> **Exercise objective**: Leaving out all pictures, repeat exactly the lines from the one that holds "Точилка для карандашей" to the last line of the entries below.

> **Information supplied**:
######

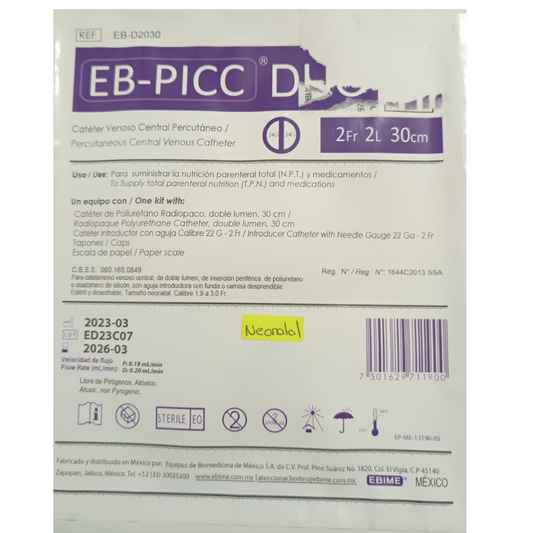CATETER VENOSO CENTRAL CAL. 2 2L EB-PICC
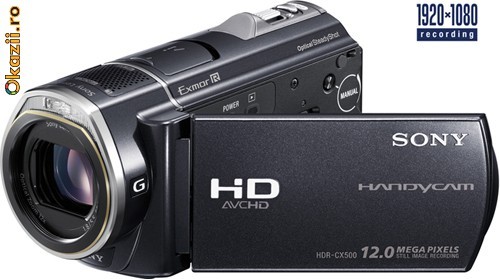 CAMERA VIDEO SONY HDR-CX500 FULL HD foto mare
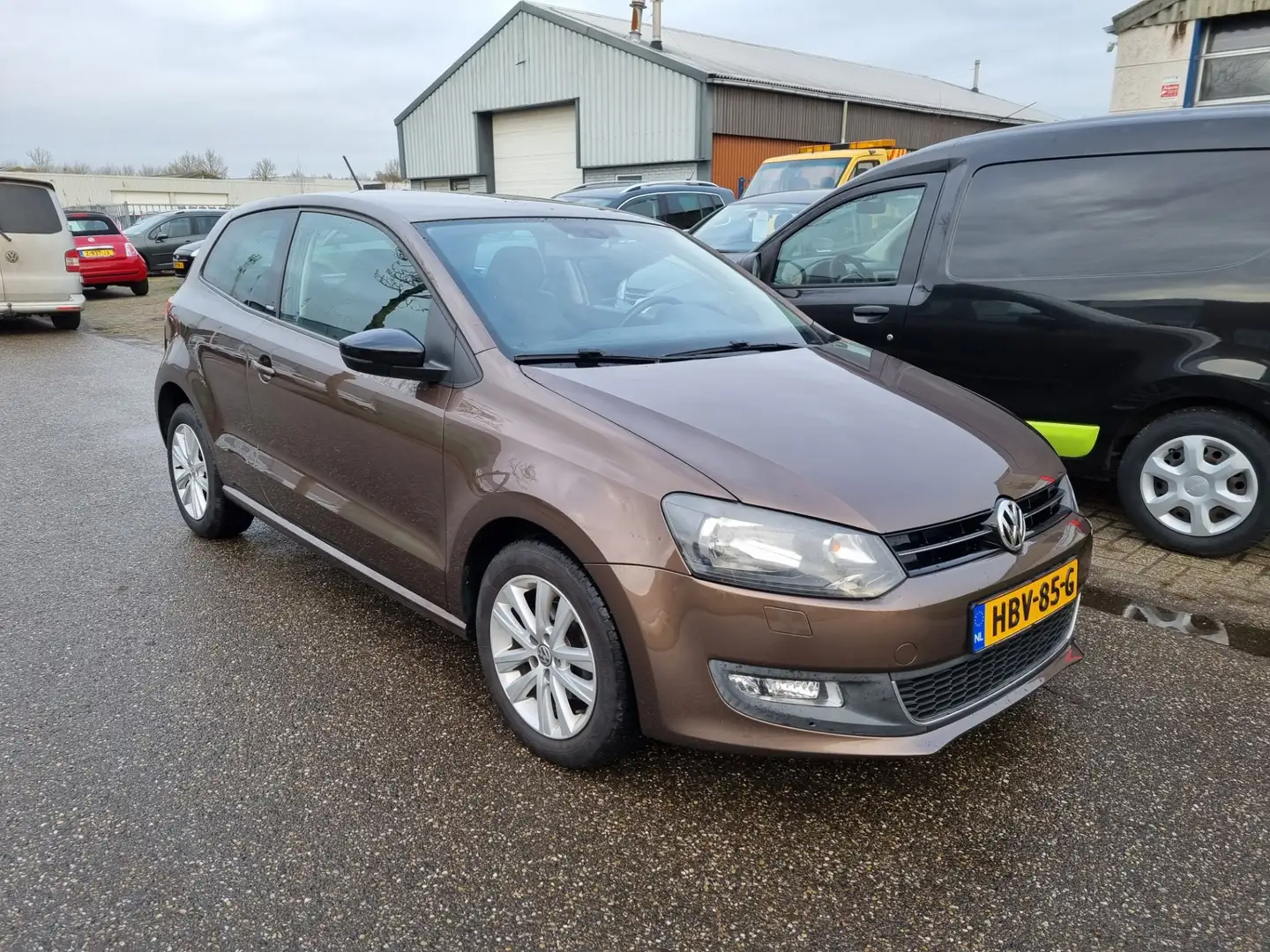 Volkswagen Polo 1.2-12V BlueMotion 3-Drs Airco! Bj:2011 Braun - 2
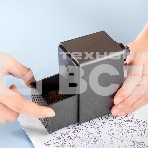 Точилка для карандашей механическая Deli 71160Black 1 отверстие пластик черный, фото 1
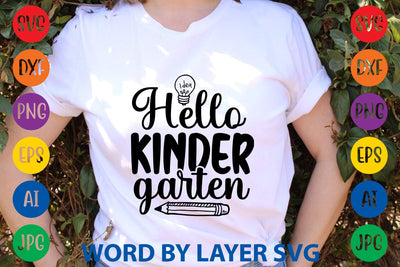 Hello Kindergarten SVG Design SVG Rafiqul20606 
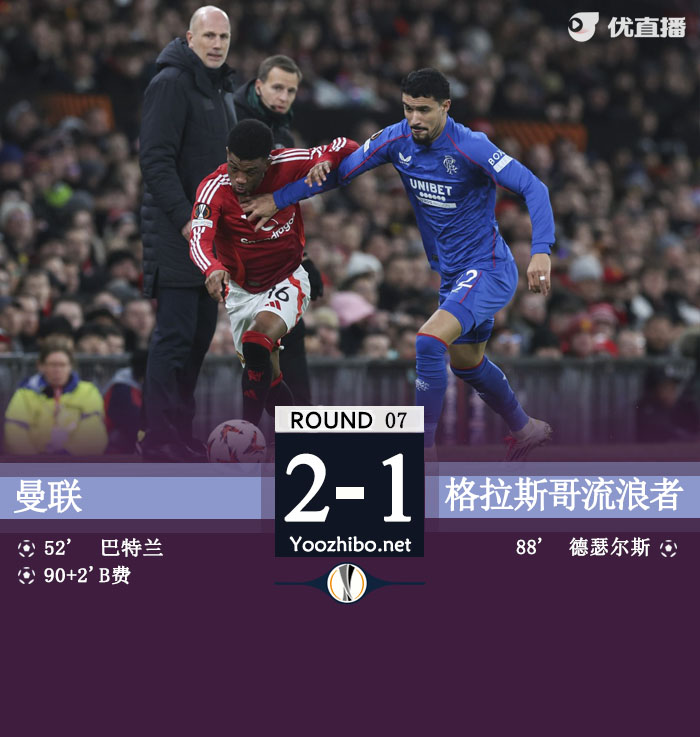 曼聯vs格拉斯哥流浪者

######

> **Task result**:
 Точилка для карандашей механическая Deli 71160Black 1 отверстие пластик черный, фото 1
 Hello Kindergarten SVG Design SVG Rafiqul20606 
 曼聯vs格拉斯哥流浪者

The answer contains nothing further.